Dawood, however, said that because of the disastrous decline in cotton production, Pakistan’s industrialists will have to import five million cotton bales worth $1.2 billion to meet the textile export orders.
The cotton production has alarmingly gone down this year to 7 million bales from 14 million bales which cannot cater to the requirement of the textile industry.
Prime Minister Imran Khan, according to the report, has geared up special efforts to focus on increasing the cotton yield next time and the government is on its toes to regain the target of 14 million cotton bales so that the maximum potential of the textile sector could be exploited.
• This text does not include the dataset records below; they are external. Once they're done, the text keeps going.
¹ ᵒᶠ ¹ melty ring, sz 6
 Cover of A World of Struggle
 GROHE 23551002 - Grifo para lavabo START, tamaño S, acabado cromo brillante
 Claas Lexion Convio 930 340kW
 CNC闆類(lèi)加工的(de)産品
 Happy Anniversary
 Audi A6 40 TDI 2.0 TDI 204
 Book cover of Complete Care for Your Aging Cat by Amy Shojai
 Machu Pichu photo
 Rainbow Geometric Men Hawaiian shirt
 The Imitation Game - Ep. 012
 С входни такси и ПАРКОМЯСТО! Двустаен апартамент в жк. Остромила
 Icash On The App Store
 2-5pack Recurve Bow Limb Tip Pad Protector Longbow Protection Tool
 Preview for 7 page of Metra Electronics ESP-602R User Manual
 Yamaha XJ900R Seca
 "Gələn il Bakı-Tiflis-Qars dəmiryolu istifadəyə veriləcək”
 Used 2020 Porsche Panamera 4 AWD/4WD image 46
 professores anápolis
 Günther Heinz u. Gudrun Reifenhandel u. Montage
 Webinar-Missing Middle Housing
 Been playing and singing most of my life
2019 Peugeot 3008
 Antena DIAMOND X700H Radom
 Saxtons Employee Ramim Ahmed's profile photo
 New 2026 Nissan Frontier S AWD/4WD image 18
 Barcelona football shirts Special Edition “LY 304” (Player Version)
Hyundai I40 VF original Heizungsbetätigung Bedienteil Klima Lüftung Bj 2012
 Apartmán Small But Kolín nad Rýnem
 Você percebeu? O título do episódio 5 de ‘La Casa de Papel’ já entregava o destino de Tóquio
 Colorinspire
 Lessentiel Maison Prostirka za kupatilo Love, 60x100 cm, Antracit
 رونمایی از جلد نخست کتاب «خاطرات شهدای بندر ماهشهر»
The commerce adviser said after the 18th Amendment, the required emphasis to the agriculture sector was not given. The farmers’ community is sick of the low-quality seeds and pesticides causing low productivity.
“Now the government will step up its efforts to ensure the provision of quality seeds and pesticides to enhance the crop yields.”
Dawood added that diversification in textile exports has gained momentum because of the massive value addition taking place. To encourage the value-added products for textile exports, the government will continue to provide the incentives in the shape of DLTL (drawbacks of local taxes and levies). However, the facility will not be available for the export of yarn and grey cloth.
He said that the government has trimmed 10% duty on import of yarn to 5% by doing away with the 5% regulatory duty. However, 5% customs duty on import of yarn will continue to be there.